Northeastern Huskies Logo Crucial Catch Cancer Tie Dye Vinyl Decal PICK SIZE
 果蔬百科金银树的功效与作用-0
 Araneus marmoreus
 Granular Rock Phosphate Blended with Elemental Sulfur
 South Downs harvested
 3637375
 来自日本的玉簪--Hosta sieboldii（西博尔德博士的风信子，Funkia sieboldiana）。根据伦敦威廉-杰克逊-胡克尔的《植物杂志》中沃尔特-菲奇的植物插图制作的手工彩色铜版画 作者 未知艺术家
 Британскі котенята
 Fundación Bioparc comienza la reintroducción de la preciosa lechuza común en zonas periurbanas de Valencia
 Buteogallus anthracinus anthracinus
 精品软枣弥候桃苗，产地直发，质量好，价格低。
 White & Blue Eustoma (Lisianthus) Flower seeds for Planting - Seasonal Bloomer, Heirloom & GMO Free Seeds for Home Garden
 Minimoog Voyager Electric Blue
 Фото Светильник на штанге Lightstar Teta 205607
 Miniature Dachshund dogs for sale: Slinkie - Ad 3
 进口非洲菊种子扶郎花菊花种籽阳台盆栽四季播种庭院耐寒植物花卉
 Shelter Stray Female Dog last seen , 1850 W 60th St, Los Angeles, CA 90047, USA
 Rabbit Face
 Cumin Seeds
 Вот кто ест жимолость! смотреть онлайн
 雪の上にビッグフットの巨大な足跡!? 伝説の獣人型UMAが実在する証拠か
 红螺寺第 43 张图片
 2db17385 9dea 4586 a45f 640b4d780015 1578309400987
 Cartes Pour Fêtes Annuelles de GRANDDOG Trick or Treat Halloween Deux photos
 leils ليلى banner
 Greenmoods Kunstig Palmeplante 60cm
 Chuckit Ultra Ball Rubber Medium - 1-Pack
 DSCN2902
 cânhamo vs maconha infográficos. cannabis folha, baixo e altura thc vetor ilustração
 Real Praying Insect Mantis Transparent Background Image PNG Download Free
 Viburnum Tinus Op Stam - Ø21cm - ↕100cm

———

Required work = Whatever appears in the data above must be copied word for word.

Completed task =
Northeastern Huskies Logo Crucial Catch Cancer Tie Dye Vinyl Decal PICK SIZE
 果蔬百科金银树的功效与作用-0
 Araneus marmoreus
 Granular Rock Phosphate Blended with Elemental Sulfur
 South Downs harvested
 3637375
 来自日本的玉簪--Hosta sieboldii（西博尔德博士的风信子，Funkia sieboldiana）。根据伦敦威廉-杰克逊-胡克尔的《植物杂志》中沃尔特-菲奇的植物插图制作的手工彩色铜版画 作者 未知艺术家
 Британскі котенята
 Fundación Bioparc comienza la reintroducción de la preciosa lechuza común en zonas periurbanas de Valencia
 Buteogallus anthracinus anthracinus
 精品软枣弥候桃苗，产地直发，质量好，价格低。
 White & Blue Eustoma (Lisianthus) Flower seeds for Planting - Seasonal Bloomer, Heirloom & GMO Free Seeds for Home Garden
 Minimoog Voyager Electric Blue
 Фото Светильник на штанге Lightstar Teta 205607
 Miniature Dachshund dogs for sale: Slinkie - Ad 3
 进口非洲菊种子扶郎花菊花种籽阳台盆栽四季播种庭院耐寒植物花卉
 Shelter Stray Female Dog last seen , 1850 W 60th St, Los Angeles, CA 90047, USA
 Rabbit Face
 Cumin Seeds
 Вот кто ест жимолость! смотреть онлайн
 雪の上にビッグフットの巨大な足跡!? 伝説の獣人型UMAが実在する証拠か
 红螺寺第 43 张图片
 2db17385 9dea 4586 a45f 640b4d780015 1578309400987
 Cartes Pour Fêtes Annuelles de GRANDDOG Trick or Treat Halloween Deux photos
 leils ليلى banner
 Greenmoods Kunstig Palmeplante 60cm
 Chuckit Ultra Ball Rubber Medium - 1-Pack
 DSCN2902
 cânhamo vs maconha infográficos. cannabis folha, baixo e altura thc vetor ilustração
 Real Praying Insect Mantis Transparent Background Image PNG Download Free
 Viburnum Tinus Op Stam - Ø21cm - ↕100cm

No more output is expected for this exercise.